The former Clark Oil/Clark USA holding company bonds "just keep moving on up," said George Kirchwey, an analyst with SAMCO Capital Markets in Dallas. He attributed most of the credit's recent movement - "about 80%, I'd say" - to market expectations about the St. Louis-based refiner's upcoming initial public offering.

"The Premcor bonds are being pushed up on market expectations that the IPO will get done," he declared, "rather than on company or industry fundamentals such as crack spreads" (i.e., the difference between the value of a barrel of crude oil and the value of the refined products such as gasoline and heating fuel derived from that barrel; with oil prices currently soft, these have come down in recent months).

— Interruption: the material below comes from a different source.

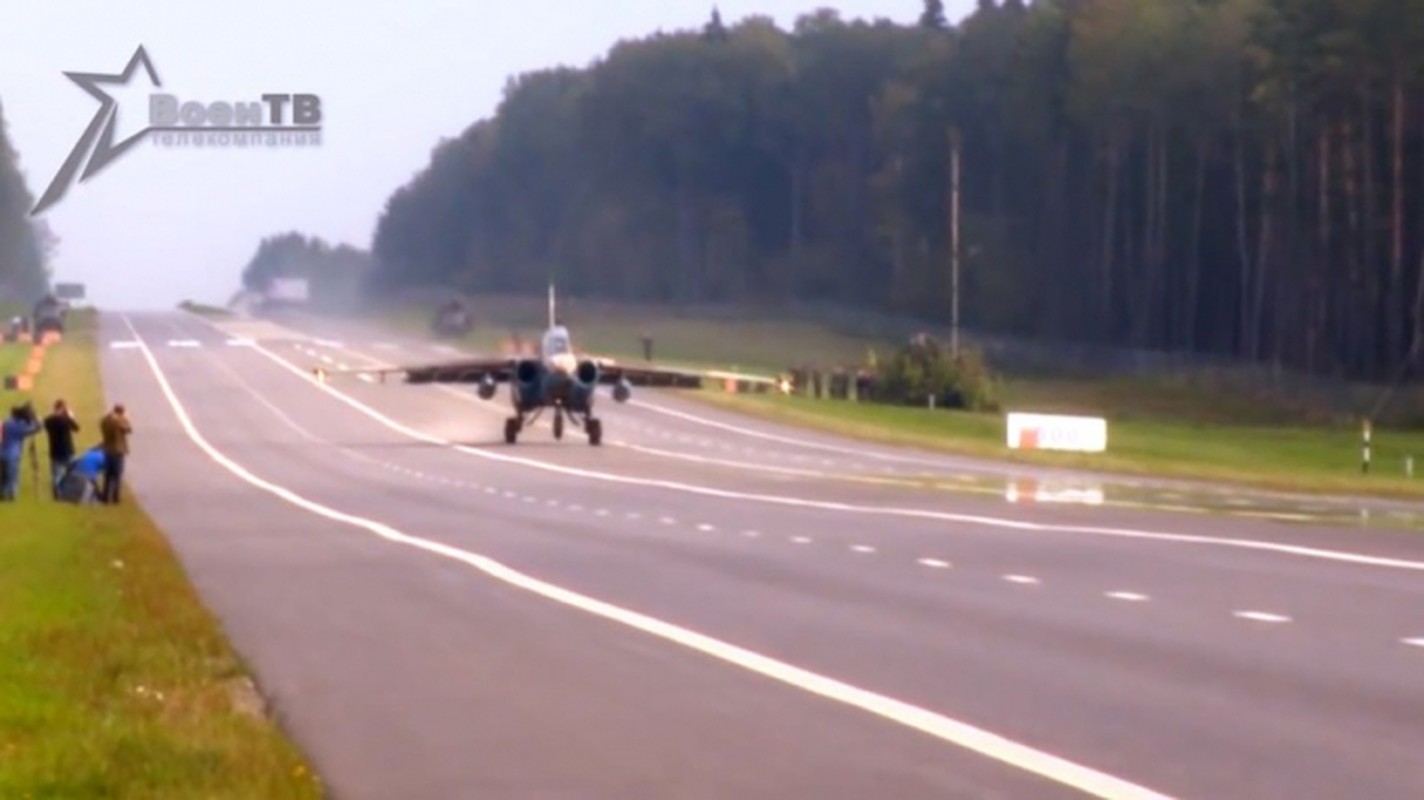 Cuong kich Su-24 cua Ukraine tro thanh “cai gai trong mat” quan doi Nga-Hinh-18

"Clearly, the injection of funds from an IPO will be of enormous benefit to the bondholders," Kirchwey continued, "since there have always been expectations that the proceeds from the IPO will be used to take out either the 10 7/8% holding company bonds or the operating company's 9½% notes due 2004, which have the most controlling indenture, with the most restrictions on the company's use of cash and the like. These have always traded up near par, on the expectation that they might be taken out after the IPO."

While attributing most of the recent price movement to the IPO expectations, Kirchwey added that "it's also due about 20% to a rumored short squeeze. If that's so, someone is getting killed, with the bonds continuing to go up."

A trader who also saw Premcor's notes firming pegged the senior operating company bonds in the 91-93 area, saying "better buyers" had come out.

"It looks like the market likes what they had to say in their earnings announcement and while I'm not going to say that it definitely looks like their IPO is going to get done, they're certainly going to put on a full-court press to try to get it priced." Still, he cautioned, "no refining company has brought an IPO to market in the past 10 years, if that's any indication of investors' attitudes toward refiners. The business is just too cyclical."

But as has been the case pretty much all week, market activity outside of specific names with stories attached to them was muted, with many buyside decision makers no doubt still in Boca Raton, Fla., where Morgan Stanley held its annual High Yield Global Leveraged Finance Conference. Still others were absent ahead of the Presidents' Day three-day holiday weekend (The Bond Market Association is recommending a 2 p.m. ET close on Friday, and U.S. financial markets will be off on Monday).

"It was definitely a pre-holiday market," a trader said, "with people just cleaning up positions. Everyone was talking about cutting out early - and a lot of people did."